Take the line containing "Habitación de hotel" and every line after it to the end of the material below; reproduce them exactly, without pictures.

___

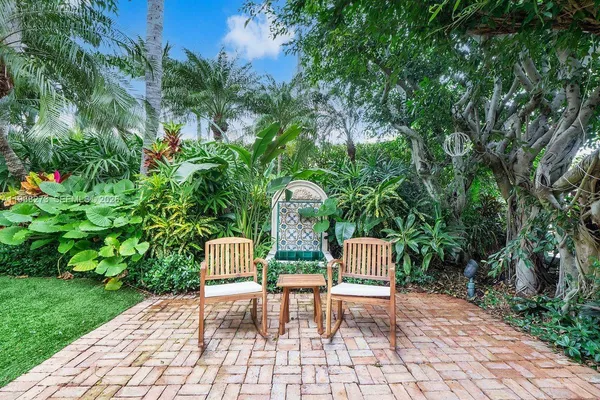 a chairs and bench in a garden
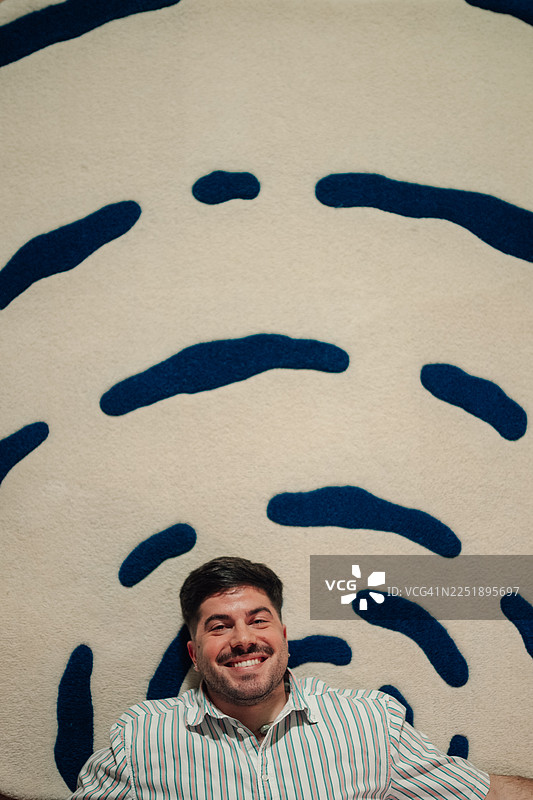 快乐的年轻成年男子在抽象地毯上放松图片素材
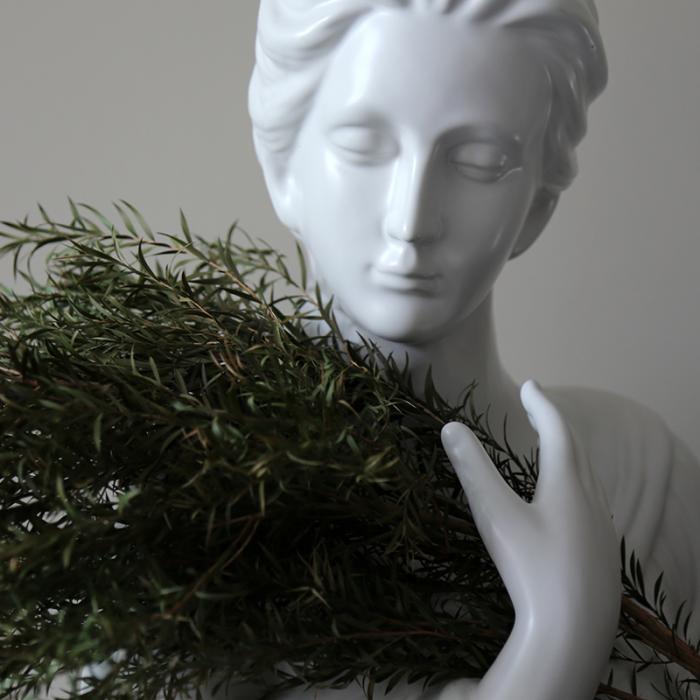 Resin Figurines of  Girl with Seabuckthorn in Her Arms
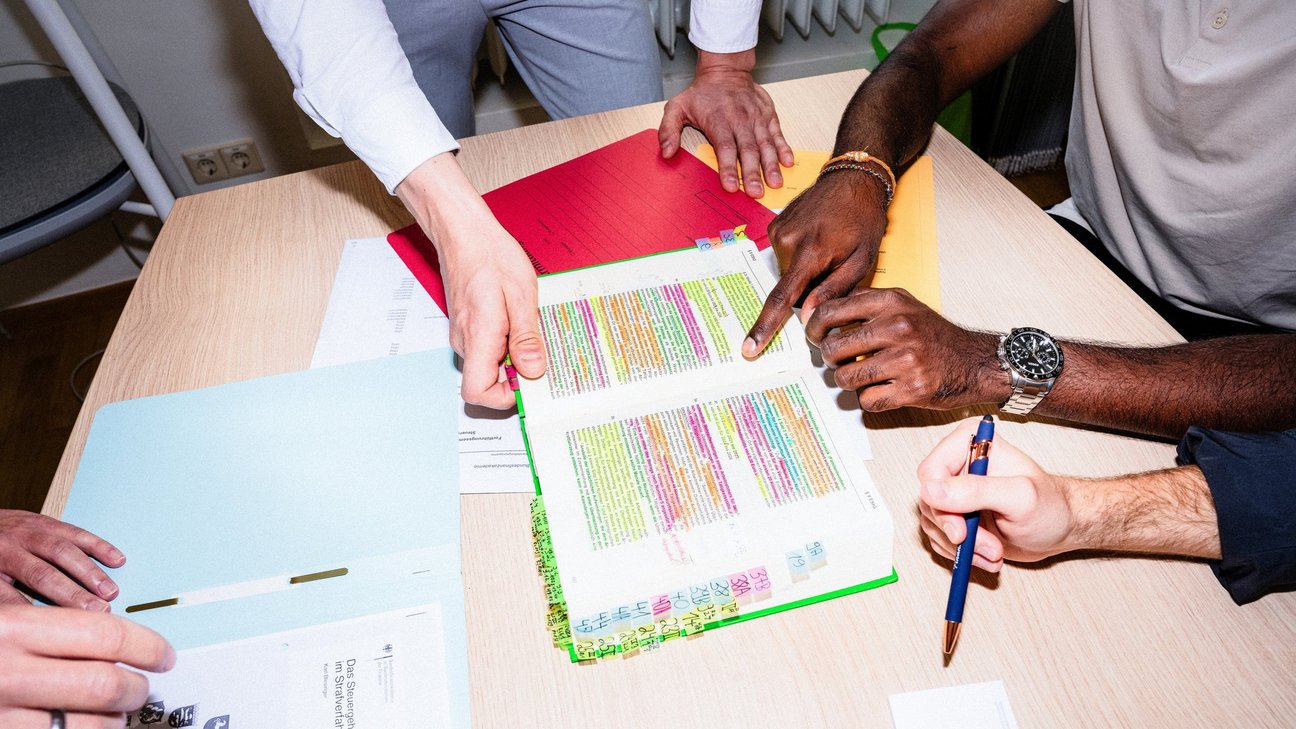 Mehrere Personen sitzen an einem Tisch und besprechen gemeinsam das farbig markierte Einkommensteuerhandbuch.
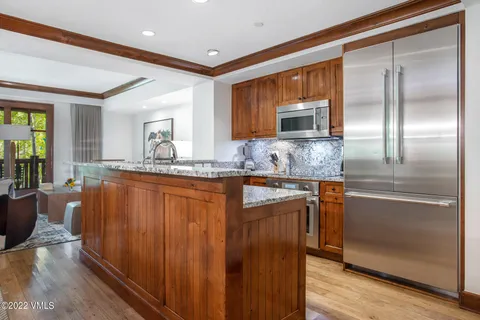 a bathroom with stainless steel appliances granite countertop a refrigerator and a sink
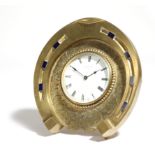 A novelty French brass clock, in the form of a horseshoe, the movement with a lever escapement and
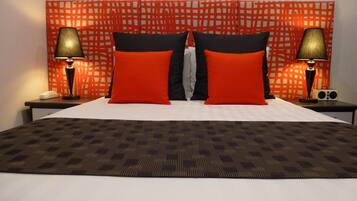 Habitación de hotel con una cama grande, dos almohadas rojas y negras, una colcha estampada y dos mesitas de noche con lámparas y un radio.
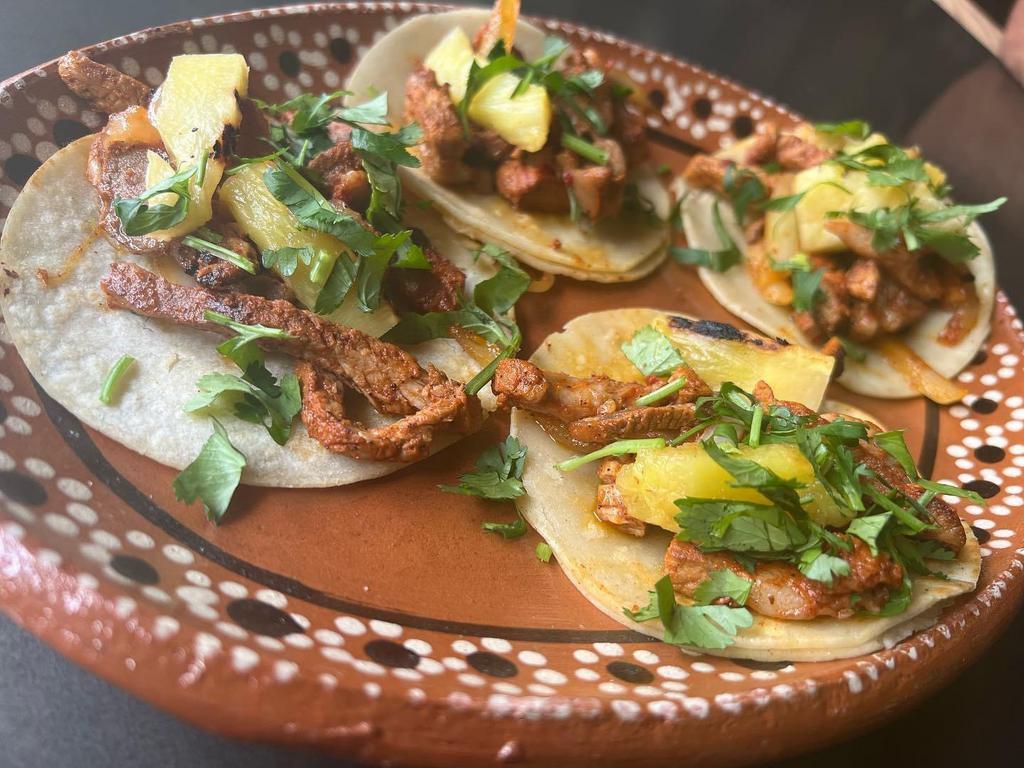 Al Pastor Taco · Pork marinated with spices and citrus then topped with pineapple.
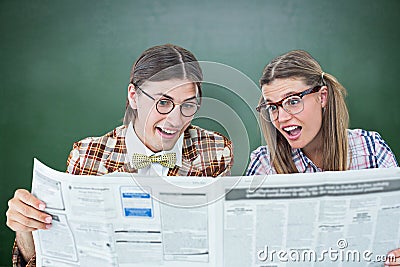 Composite image of geeky hipsters reading the newspaper Stock Photo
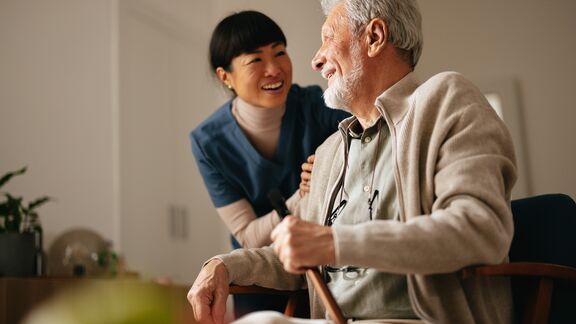 A smiling senior man sitting down and looking at his smiling female nurse.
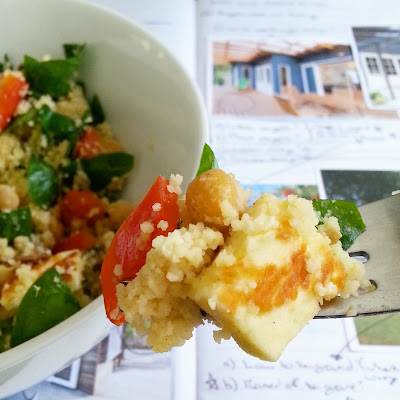 Bowlful and forkful of couscous and haloumi salad in front of a notebook containing pictures and many notes and scribbles.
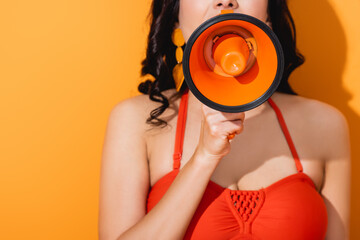 Wall Mural - cropped view of young woman screaming in megaphone on orange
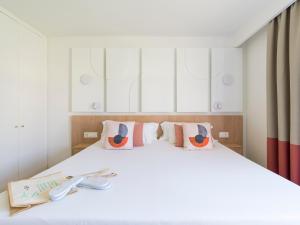 Un dormitorio con una gran cama blanca con unas tijeras. en HD Parque Cristobal Gran Canaria, en Playa del Inglés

___

ANSWER SECTION:
 Habitación de hotel con una cama grande, dos almohadas rojas y negras, una colcha estampada y dos mesitas de noche con lámparas y un radio.
 Al Pastor Taco · Pork marinated with spices and citrus then topped with pineapple.
 Composite image of geeky hipsters reading the newspaper Stock Photo
 A smiling senior man sitting down and looking at his smiling female nurse.
 Bowlful and forkful of couscous and haloumi salad in front of a notebook containing pictures and many notes and scribbles.
 Wall Mural - cropped view of young woman screaming in megaphone on orange
 Un dormitorio con una gran cama blanca con unas tijeras. en HD Parque Cristobal Gran Canaria, en Playa del Inglés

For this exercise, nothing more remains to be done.